Also, the second issue which is whether or not the parties to the dispute can set aside of the Customary arbitration award, the answer is no because, in the case of arbitration, the award is binding upon the parties to it whether or not they accept it; the parties cannot resile after the award has been published. Note, per section 112 (1) (a), (b) and (c) (Setting aside customary award) of ADR Act 2010 which provided that: (1) A party aggrieved by an award may apply to the nearest District, Circuit or High Court to set aside the award on the grounds that the award (a) was made in breach of the rules of natural justice, (b) constitutes a miscarriage of justice, or (c) is in contradiction with the known customs of the area concerned. Section 112 (2) An application under subsection (1) shall be made to the court within three months of the award, and on notice to the other party to the arbitration. In that case the party can rely on this section to bring the matter to Court as stated in the above. I am of the view that the third issue is been address with regards to this section.

Not all, in YAW v. AMOBIE AND ANOTHER supra it was established by the Court that Publication of an award is the communication of the decision of the arbitrators to the parties so as to make the arbitrator f1mctus officio. These implies that once the customary arbitrator made a final decision which has been communicated to the dispute parties then the award of customary arbitration has been publish. Note, it is not a defense for the disputer or one of the disputers to rely on the fact that he/she were absent in the finally decision and therefore he/she is not binding by the decision of the customary arbitration. See in section 109 of ADR Act 2010 (Effect of customary award) which provided that; An award in a customary arbitration, (a) is binding between the parties and a person claiming through and under them; and (b) need not be registered in a court to be binding.

The statement of problem
In most of our communities, most of the customary arbitrators is the chiefs, elders, Imams and Pastors. Indeed, customary arbitration is good because it helps to solve disputes in our community easy and faster than that of Court system in Ghana. My legal research has shown that most of the disputes in the Northern Region is being solved by Customary arbitration but not in a proper way but the other way around.

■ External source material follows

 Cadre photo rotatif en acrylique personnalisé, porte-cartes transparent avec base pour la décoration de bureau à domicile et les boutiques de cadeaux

  1. Criminal cases been solving by Customary arbitration,
  2. Breach of the dispute’s parties Natural Justices
  3. Bribery and corruption which led to miscarriage of Justice.

For instance, someone stole a goat in a particular community and the matter is been solved by the Chief and his elders as customary arbitration which is a criminal matter and the Chief and his elders lacks jurisdiction to determine the matter. See in GYM v. INSAIDOO [ [7] ]; it was established that “customary arbitration has no jurisdiction in criminal matters” the finding of the arbitration that the plaintiff had stolen the money was ultra vires. In section 89 (2) (a), (b) and (3) of ADR Act 2010 which provided; (2) Except otherwise ordered by a court and subject to any other enactment in force, a person shall not (a) submit a criminal matter for customary arbitration; or (b) serve as an arbitrator in a criminal matter. (3) A person who contravenes subsection (2) commits an offence and is liable on summary conviction to a fine not exceeding two hundred and fifty penalty units or a term of imprisonment not exceeding twelve months or to both. (4) A conviction of a person under subsection (3) is not a bar to prosecution for an offence under the Criminal Offences Act, 1960 (Act 29) to which that person is liable in respect of the matter submitted for customary arbitration.

My legal research has shown how peoples natural justice has been ignore by the Chiefs and Elders such as Imams and Pastors as customary arbitrator. See in 2021, I witness one dispute which has been solved by the Customary arbitration, it was by an attack of a robbery case and it was sent by the robbers to the Chiefs Palace and the other dispute part also report the matter to the police. Now the Chief sent his secretary to the police station that the matter is already reported to him as a chief in the community therefore the crime officer should bring the other party to his palace so that he can decide on the matter. Afterwards the crime officer sent the other dispute part to the palace, the chief and his elders denied him to even say his side of the facts or case and they said and I quote “ are you a member of this community asked by the elders , if you are why do you report the matter to the police ?” base on this they rule against him. Which constitutes a breach of his natural Justice and they lacked jurisdiction to even hear the matter in the first place.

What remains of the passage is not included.